◆ Task requirements: The response must consist of the lines below from the one with "- une salle" through the one with "Creamy soup puree", exactly as they appear and with both ends kept.

◆ Stored data entries:
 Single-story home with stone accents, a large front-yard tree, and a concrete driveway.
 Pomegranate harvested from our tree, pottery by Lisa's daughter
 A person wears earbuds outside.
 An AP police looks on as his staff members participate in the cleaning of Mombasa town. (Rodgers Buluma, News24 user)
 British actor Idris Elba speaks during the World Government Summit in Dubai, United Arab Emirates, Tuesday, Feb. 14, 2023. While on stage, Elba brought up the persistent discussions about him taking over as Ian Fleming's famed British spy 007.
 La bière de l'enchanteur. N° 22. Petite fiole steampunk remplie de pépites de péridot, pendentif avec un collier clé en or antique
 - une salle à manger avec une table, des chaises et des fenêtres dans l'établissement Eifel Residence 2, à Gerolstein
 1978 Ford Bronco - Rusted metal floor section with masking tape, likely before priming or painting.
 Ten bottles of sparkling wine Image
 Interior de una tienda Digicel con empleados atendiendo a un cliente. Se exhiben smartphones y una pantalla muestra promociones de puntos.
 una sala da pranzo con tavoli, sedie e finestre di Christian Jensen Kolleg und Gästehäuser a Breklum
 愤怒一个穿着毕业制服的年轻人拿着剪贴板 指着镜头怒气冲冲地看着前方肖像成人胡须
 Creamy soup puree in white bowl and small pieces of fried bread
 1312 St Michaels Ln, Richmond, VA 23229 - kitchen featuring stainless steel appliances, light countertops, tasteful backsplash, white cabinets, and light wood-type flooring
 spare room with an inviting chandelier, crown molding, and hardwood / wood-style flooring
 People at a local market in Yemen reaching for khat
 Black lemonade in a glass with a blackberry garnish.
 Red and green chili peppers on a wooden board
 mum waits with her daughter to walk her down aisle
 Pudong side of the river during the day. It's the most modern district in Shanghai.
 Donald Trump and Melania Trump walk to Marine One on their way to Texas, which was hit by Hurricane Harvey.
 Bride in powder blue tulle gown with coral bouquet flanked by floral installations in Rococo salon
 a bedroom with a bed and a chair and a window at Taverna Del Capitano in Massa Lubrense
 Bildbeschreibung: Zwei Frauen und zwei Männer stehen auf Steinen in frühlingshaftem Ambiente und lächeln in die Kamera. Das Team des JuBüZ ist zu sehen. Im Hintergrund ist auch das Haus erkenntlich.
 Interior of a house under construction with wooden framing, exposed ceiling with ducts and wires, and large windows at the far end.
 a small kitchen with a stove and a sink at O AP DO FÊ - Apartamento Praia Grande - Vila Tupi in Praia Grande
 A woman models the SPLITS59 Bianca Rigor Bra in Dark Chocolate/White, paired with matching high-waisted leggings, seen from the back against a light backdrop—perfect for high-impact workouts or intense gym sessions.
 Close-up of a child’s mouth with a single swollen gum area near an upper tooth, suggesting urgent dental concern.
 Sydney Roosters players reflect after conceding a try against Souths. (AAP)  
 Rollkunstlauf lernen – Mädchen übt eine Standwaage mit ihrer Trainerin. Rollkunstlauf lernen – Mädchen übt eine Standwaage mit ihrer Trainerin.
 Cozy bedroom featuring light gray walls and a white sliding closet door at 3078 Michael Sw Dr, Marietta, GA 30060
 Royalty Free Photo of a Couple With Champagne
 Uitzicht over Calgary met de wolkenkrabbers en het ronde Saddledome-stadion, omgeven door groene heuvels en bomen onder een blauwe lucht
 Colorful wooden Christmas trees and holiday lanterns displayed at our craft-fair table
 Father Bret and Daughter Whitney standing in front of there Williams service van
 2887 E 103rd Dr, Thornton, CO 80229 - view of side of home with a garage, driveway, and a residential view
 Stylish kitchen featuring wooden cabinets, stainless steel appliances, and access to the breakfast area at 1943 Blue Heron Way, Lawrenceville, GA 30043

◆ Output for this task:
 - une salle à manger avec une table, des chaises et des fenêtres dans l'établissement Eifel Residence 2, à Gerolstein
 1978 Ford Bronco - Rusted metal floor section with masking tape, likely before priming or painting.
 Ten bottles of sparkling wine Image
 Interior de una tienda Digicel con empleados atendiendo a un cliente. Se exhiben smartphones y una pantalla muestra promociones de puntos.
 una sala da pranzo con tavoli, sedie e finestre di Christian Jensen Kolleg und Gästehäuser a Breklum
 愤怒一个穿着毕业制服的年轻人拿着剪贴板 指着镜头怒气冲冲地看着前方肖像成人胡须
 Creamy soup puree in white bowl and small pieces of fried bread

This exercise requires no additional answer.